BEGIN Data extracts

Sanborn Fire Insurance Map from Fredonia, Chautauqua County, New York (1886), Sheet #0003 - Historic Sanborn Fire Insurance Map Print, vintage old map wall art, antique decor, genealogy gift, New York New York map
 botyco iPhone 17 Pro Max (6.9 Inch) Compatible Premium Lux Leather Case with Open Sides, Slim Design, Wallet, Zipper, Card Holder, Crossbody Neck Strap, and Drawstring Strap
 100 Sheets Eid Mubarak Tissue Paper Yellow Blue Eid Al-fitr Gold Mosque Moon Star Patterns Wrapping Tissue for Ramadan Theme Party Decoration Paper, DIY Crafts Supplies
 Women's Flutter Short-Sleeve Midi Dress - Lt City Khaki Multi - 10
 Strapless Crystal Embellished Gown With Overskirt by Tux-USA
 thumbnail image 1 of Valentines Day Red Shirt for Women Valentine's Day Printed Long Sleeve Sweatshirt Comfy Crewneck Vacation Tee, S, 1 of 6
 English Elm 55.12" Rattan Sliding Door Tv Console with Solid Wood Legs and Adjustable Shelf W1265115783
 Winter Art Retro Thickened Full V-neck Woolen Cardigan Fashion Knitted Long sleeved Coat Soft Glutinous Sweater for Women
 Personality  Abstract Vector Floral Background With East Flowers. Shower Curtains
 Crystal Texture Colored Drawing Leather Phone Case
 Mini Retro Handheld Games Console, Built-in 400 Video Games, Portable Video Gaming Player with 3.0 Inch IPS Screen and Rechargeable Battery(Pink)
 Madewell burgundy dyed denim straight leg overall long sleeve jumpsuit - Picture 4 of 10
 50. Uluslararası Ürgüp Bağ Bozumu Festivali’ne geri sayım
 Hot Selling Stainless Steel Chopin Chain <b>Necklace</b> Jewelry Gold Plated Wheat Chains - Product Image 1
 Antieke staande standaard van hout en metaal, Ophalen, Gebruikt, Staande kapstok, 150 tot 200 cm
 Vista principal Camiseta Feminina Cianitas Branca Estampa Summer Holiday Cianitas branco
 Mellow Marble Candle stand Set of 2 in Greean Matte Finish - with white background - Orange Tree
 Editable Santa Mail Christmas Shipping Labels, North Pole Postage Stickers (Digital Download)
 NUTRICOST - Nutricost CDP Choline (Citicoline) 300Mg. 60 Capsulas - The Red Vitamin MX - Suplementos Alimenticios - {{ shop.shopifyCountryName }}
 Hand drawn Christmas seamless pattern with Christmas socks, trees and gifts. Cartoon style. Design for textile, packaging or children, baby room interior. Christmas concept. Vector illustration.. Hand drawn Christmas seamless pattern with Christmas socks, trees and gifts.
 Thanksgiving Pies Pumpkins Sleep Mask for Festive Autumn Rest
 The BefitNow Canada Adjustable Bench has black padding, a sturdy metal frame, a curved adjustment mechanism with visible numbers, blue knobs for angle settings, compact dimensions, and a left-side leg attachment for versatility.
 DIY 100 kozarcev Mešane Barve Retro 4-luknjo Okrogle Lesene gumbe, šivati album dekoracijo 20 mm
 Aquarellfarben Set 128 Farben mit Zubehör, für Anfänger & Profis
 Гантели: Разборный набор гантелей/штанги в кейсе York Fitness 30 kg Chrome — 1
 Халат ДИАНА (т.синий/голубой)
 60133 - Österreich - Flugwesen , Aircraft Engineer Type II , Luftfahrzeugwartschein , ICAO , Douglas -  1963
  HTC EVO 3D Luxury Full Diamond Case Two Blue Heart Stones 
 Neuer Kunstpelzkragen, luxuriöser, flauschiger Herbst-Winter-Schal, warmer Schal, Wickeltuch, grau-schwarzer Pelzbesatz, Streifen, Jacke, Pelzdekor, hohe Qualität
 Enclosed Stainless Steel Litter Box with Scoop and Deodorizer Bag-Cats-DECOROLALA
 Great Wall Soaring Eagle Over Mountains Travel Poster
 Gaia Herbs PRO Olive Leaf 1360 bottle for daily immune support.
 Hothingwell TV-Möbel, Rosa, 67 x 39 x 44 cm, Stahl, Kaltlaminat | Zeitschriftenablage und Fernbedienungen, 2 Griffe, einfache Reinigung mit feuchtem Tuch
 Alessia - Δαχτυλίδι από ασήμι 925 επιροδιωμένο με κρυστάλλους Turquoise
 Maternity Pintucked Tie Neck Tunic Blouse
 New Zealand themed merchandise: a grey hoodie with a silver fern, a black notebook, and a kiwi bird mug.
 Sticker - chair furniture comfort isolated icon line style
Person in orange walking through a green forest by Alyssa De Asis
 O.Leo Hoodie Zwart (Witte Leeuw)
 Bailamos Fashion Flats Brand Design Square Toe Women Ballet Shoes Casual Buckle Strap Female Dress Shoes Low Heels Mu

END Data extracts

* The problem *
Using the data above, reproduce exactly the lines from the line that contains "Thanksgiving Pies Pumpkins" through the line that contains "Халат ДИАНА (т.синий/голубой)", including both.

* Solution to the problem *
 Thanksgiving Pies Pumpkins Sleep Mask for Festive Autumn Rest
 The BefitNow Canada Adjustable Bench has black padding, a sturdy metal frame, a curved adjustment mechanism with visible numbers, blue knobs for angle settings, compact dimensions, and a left-side leg attachment for versatility.
 DIY 100 kozarcev Mešane Barve Retro 4-luknjo Okrogle Lesene gumbe, šivati album dekoracijo 20 mm
 Aquarellfarben Set 128 Farben mit Zubehör, für Anfänger & Profis
 Гантели: Разборный набор гантелей/штанги в кейсе York Fitness 30 kg Chrome — 1
 Халат ДИАНА (т.синий/голубой)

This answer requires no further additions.